Martine Lanctôt, directrice, Traitement des plaintes et Affaires générales, au service de l'Information, a répondu le lendemain à la plaignante :

« (…) Vous avez raison de souligner qu'il s'agissait d'un jugement de valeur qui pouvait paraître surprenant de la part de l'analyste. (…) »

Dans l'entrevue intégrale diffusée à l'émission, cet extrait était précédé d'une mise en contexte de la part de Michel C. Auger qui précisait bien qu'il ne jugeait pas les idéologies des hommes politiques en question mais bien leur leadership.

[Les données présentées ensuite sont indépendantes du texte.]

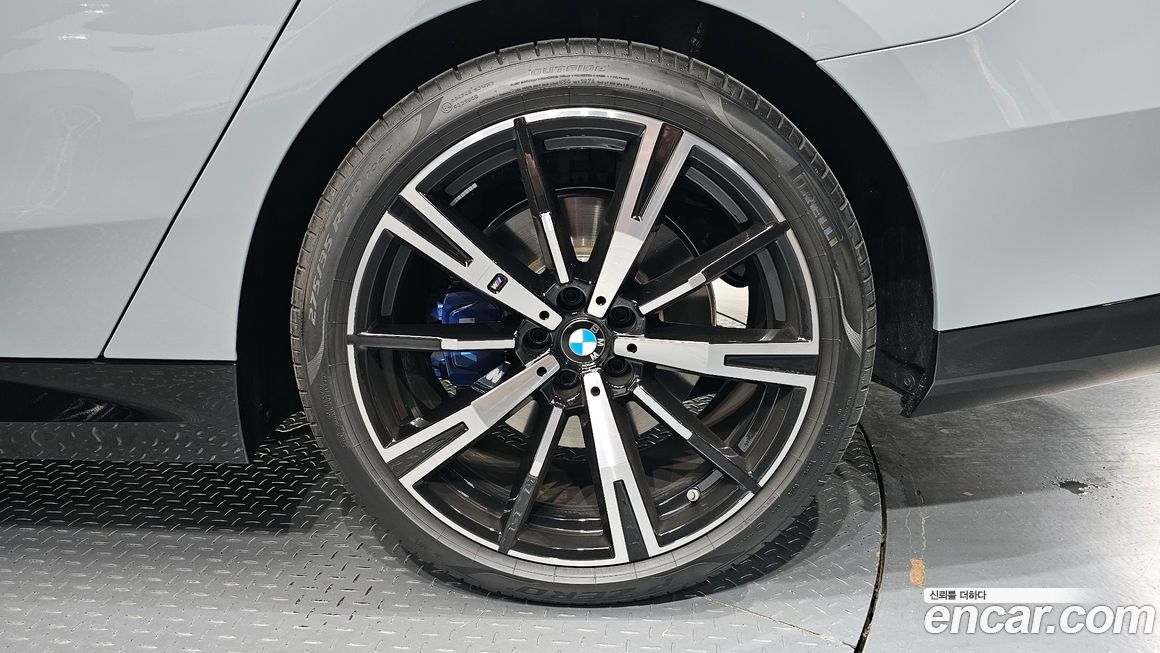 BMW 5-Series 2025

Cela nuançait ses propos.

Dans l'ensemble de l'entrevue, Michel C. Auger a joué son rôle d'analyste avec discernement, nuances et retenue. (…) »

La plaignante n'a pas été pas complètement satisfaite de cette réponse, car, à son avis, Michel C. Auger n'avait pas nuancé sa pensée avant ou après son jugement de valeur. Selon elle, de tels propos irrespectueux ne sont pas acceptables de la part du premier analyste au Téléjournal. Mme Lanctôt a envoyé une deuxième réponse à Mme A. C. le 27 mai :

« J'aimerais vous faire part des discussions que nous avons eues à la suite de votre plainte. Notre analyste politique Michel C. Auger reconnaît tout à fait qu'il aurait été préférable de ne pas traiter de ce sujet sous l'angle de l'humour. Alors que la discussion portait sur le leadership politique, il a voulu montrer la différence entre les leaders de la fin des années 1970 et ceux de maintenant. M. Auger admet qu'il aurait dû s'en tenir à une explication plutôt que de traiter le sujet à la blague, ce qui pouvait être perçu comme une remarque désobligeante. Il convient donc, comme nous, que ses propos étaient inappropriés et s'en excuse sincèrement. »

LA RÉVISION

Des propos « inappropriés »

Il est essentiel de noterque le journaliste Michel C. Auger a reconnu le caractère « inapproprié » de ses propos. Il s'en est excusé auprès de la plaignante. Voici la transcription des commentaires en cause :

MICHEL C. AUGER : « Ça , on a un problème de leader, c'est un peu normal. Pensez-vous que dans les circonstances actuelles, quelqu'un d'intéressant veut aller faire de la politique! Quand je vais dans les cours de journalisme, je dis toujours à la blague : quand j'ai commencé dans la business-là, sans égard aux idéologies, parlons juste des personnes, le maire de Montréal c'était Jean Drapeau, le pm du Québec, c'était René Lévesque, le pm du Canada c'était Pierre Trudeau. Y ont été remplacés par Gérald Tremblay, Jean Charest et Stephen Harper, y a dû avoir un manque dans le contrôle de qualité, là. Je veux dire, tu sais (rires en studio et applaudissements), pourquoi quelqu'un voudrait-il aller en politique aujourd'hui? C'est ça le problème! » (applaudissements)

MICHEL CÔTÉ (acteur) : « Ce que vous dites là M. Auger, c'est la preuve que les gens sont désabusés, désintéressés de la politique, parce que j'ai l'impression actuellement que les gens s'en foutent, sont complètement désabusés de ça, il se passe n'importe quoi. »

DANY TURCOTTE (le fou du roi) : «Le confort et l'indifférence. »

MICHEL CÔTÉ : « Ils vont même plus voter. »

MICHEL C. AUGER : « Mais, il y a personne qui a capturé leur imagination depuis très longtemps. Il y a pas eu un leader politique sur la scène québécoise ou canadienne qui est arrivé et qui a capturé l'imagination des gens. »

DANY TURCOTTE : « ll y a eu Stéphane Dion quand même! » (rires en studio)

MICHEL C. AUGER : « Oui, mais ça a été dans un milieu très limité (…) »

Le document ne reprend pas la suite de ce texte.